- EXERCISE REQUIREMENTS
Below is a listing. Return the lines from the one that contains "Kantor Pertanahan Kabupaten" to the one that contains "14K Yellow or", both ends included, verbatim and with no pictures.

- TASK INPUTS
——————

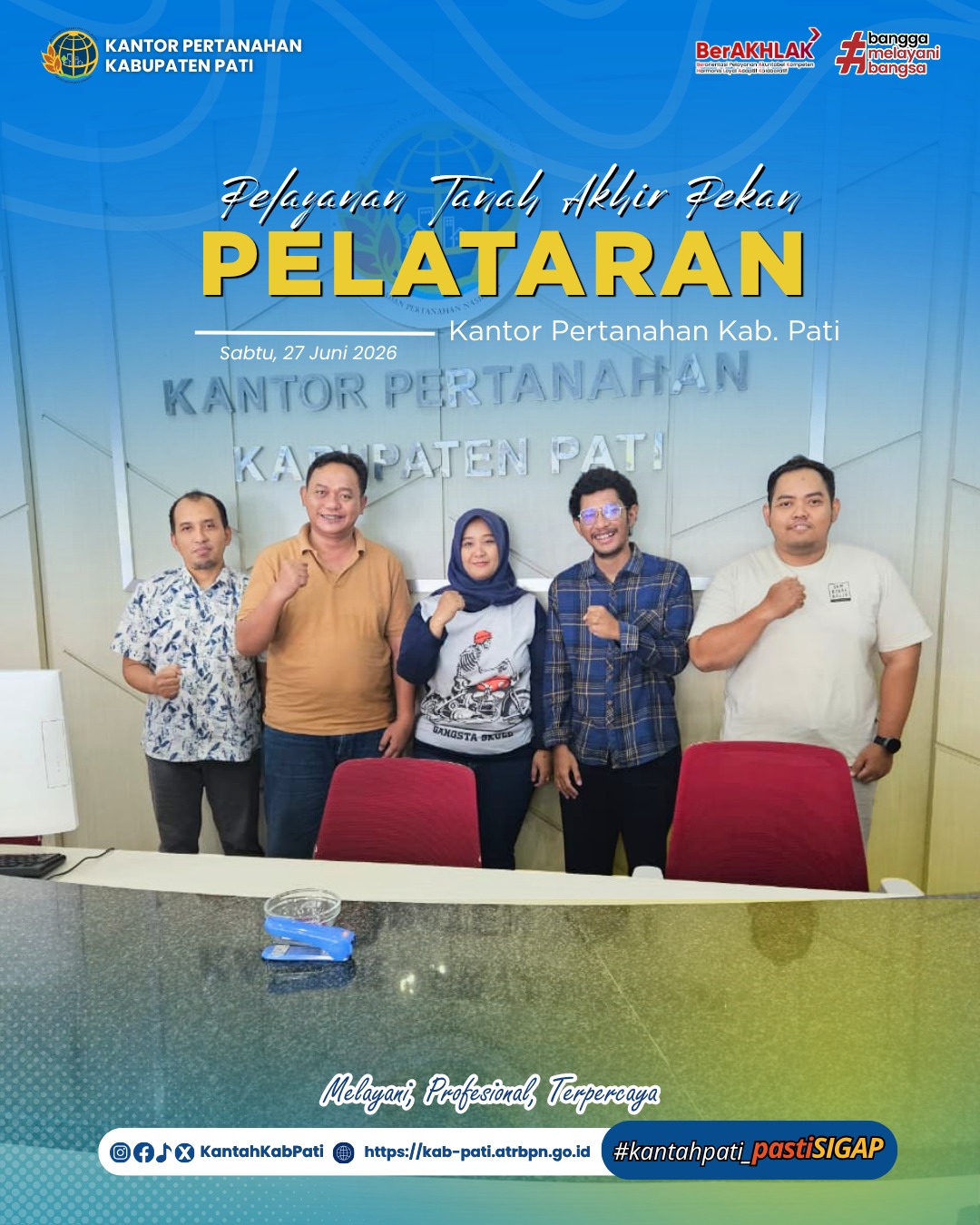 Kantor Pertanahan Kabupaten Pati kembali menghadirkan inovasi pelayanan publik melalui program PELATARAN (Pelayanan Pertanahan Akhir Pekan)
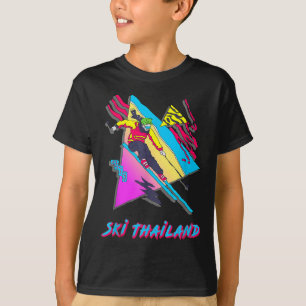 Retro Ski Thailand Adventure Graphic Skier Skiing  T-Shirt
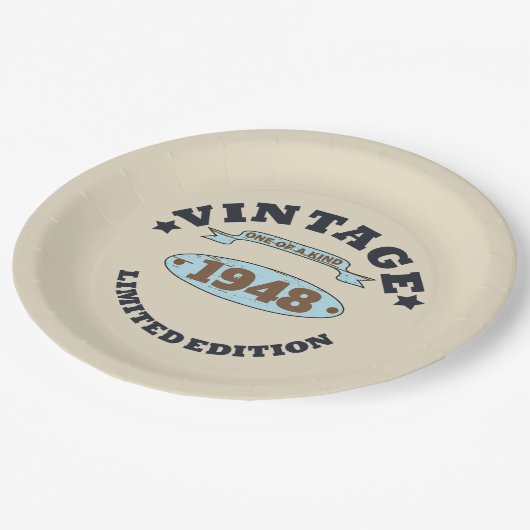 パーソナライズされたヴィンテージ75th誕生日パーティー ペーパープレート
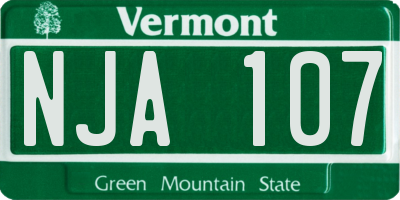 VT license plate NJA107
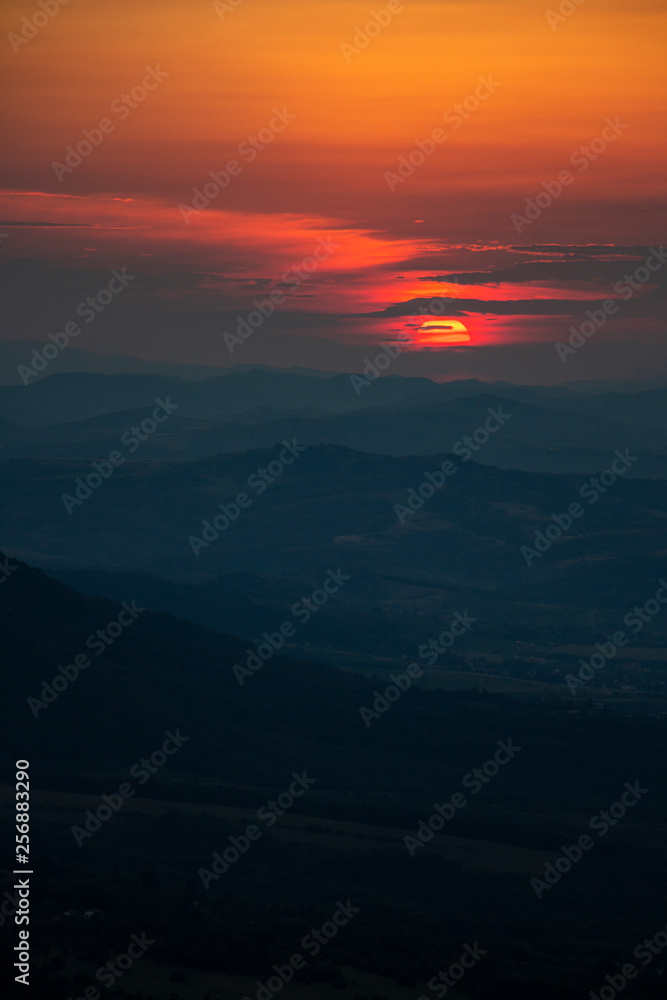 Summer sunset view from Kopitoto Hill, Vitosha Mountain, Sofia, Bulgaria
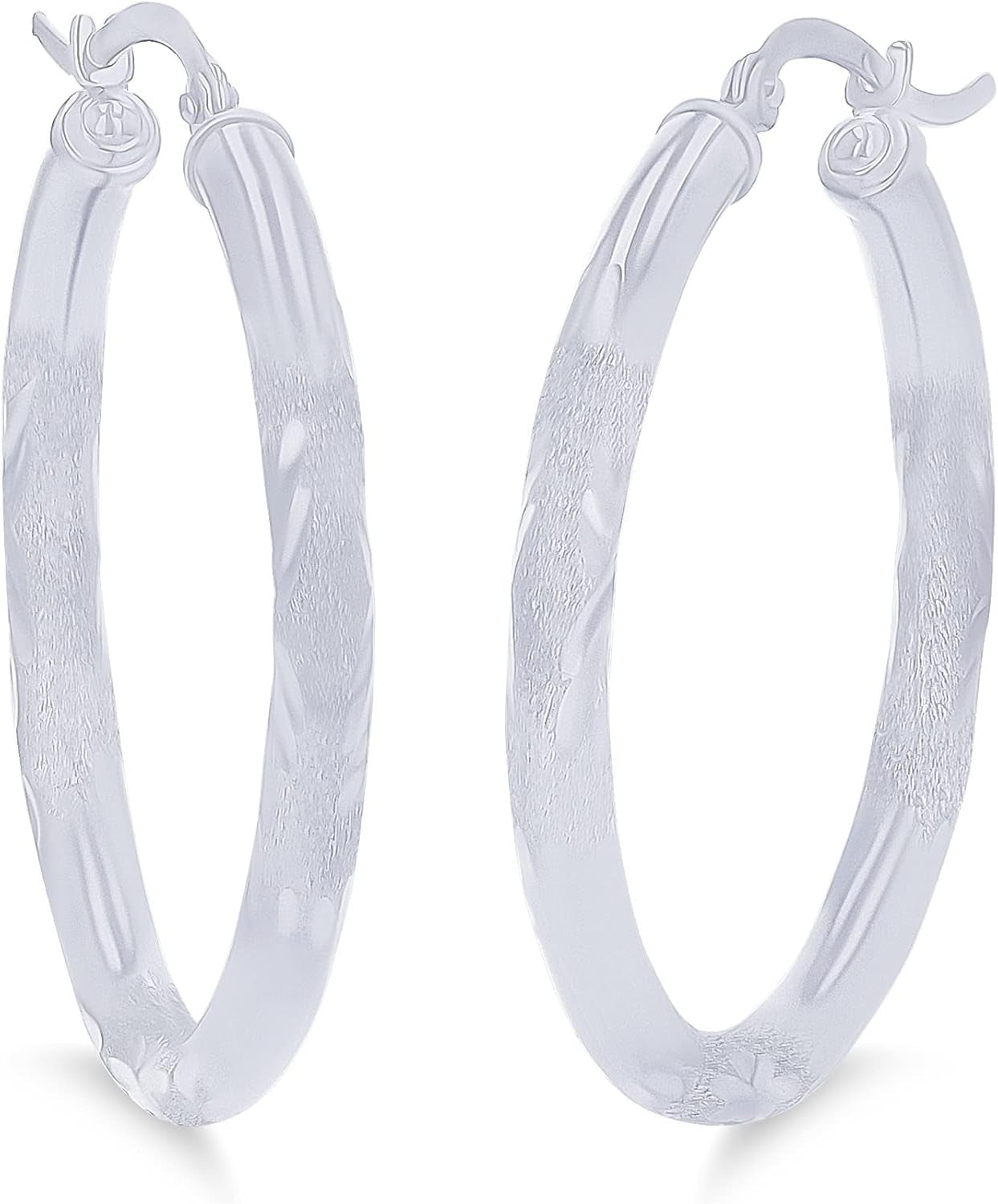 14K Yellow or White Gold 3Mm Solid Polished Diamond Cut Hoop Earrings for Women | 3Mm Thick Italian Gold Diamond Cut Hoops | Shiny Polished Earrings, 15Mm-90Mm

——————

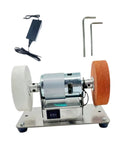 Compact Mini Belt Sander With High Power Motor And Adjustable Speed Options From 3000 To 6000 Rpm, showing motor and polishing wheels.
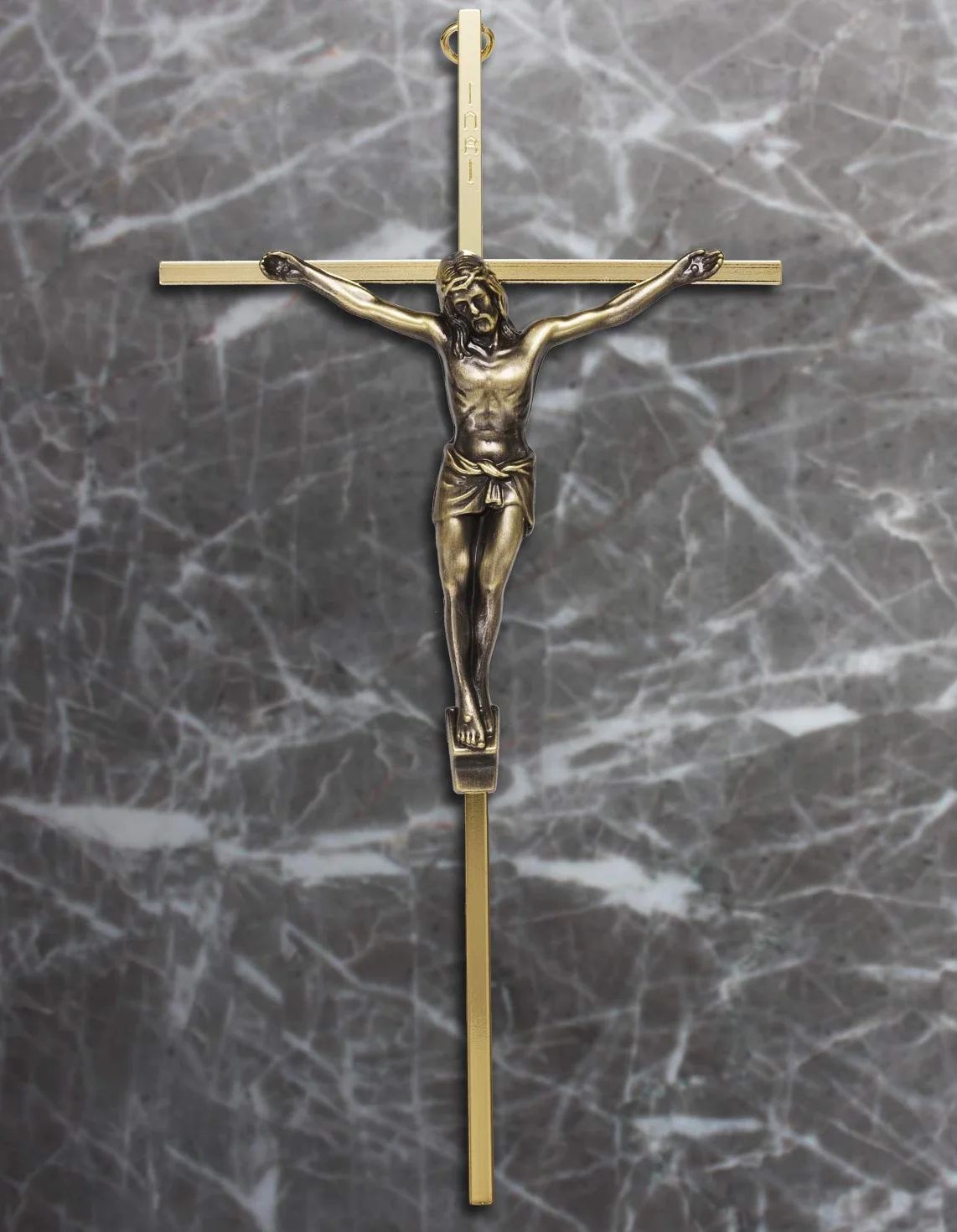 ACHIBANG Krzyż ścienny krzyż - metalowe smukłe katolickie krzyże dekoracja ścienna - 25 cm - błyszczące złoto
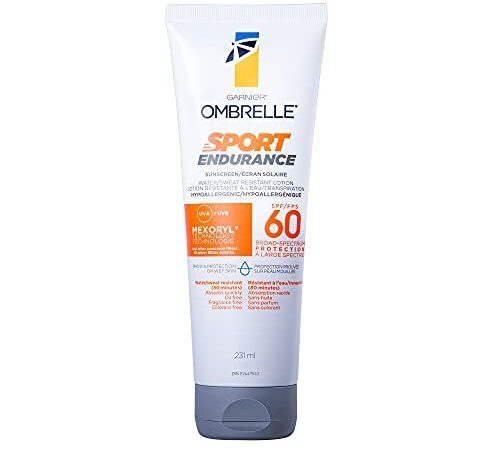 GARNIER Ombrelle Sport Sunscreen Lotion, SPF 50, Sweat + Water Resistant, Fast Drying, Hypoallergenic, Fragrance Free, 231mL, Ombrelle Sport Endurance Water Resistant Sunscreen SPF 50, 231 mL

——————

- EXERCISE OUTPUT
 Kantor Pertanahan Kabupaten Pati kembali menghadirkan inovasi pelayanan publik melalui program PELATARAN (Pelayanan Pertanahan Akhir Pekan)
 Retro Ski Thailand Adventure Graphic Skier Skiing  T-Shirt
 パーソナライズされたヴィンテージ75th誕生日パーティー ペーパープレート
 VT license plate NJA107
 Summer sunset view from Kopitoto Hill, Vitosha Mountain, Sofia, Bulgaria
 14K Yellow or White Gold 3Mm Solid Polished Diamond Cut Hoop Earrings for Women | 3Mm Thick Italian Gold Diamond Cut Hoops | Shiny Polished Earrings, 15Mm-90Mm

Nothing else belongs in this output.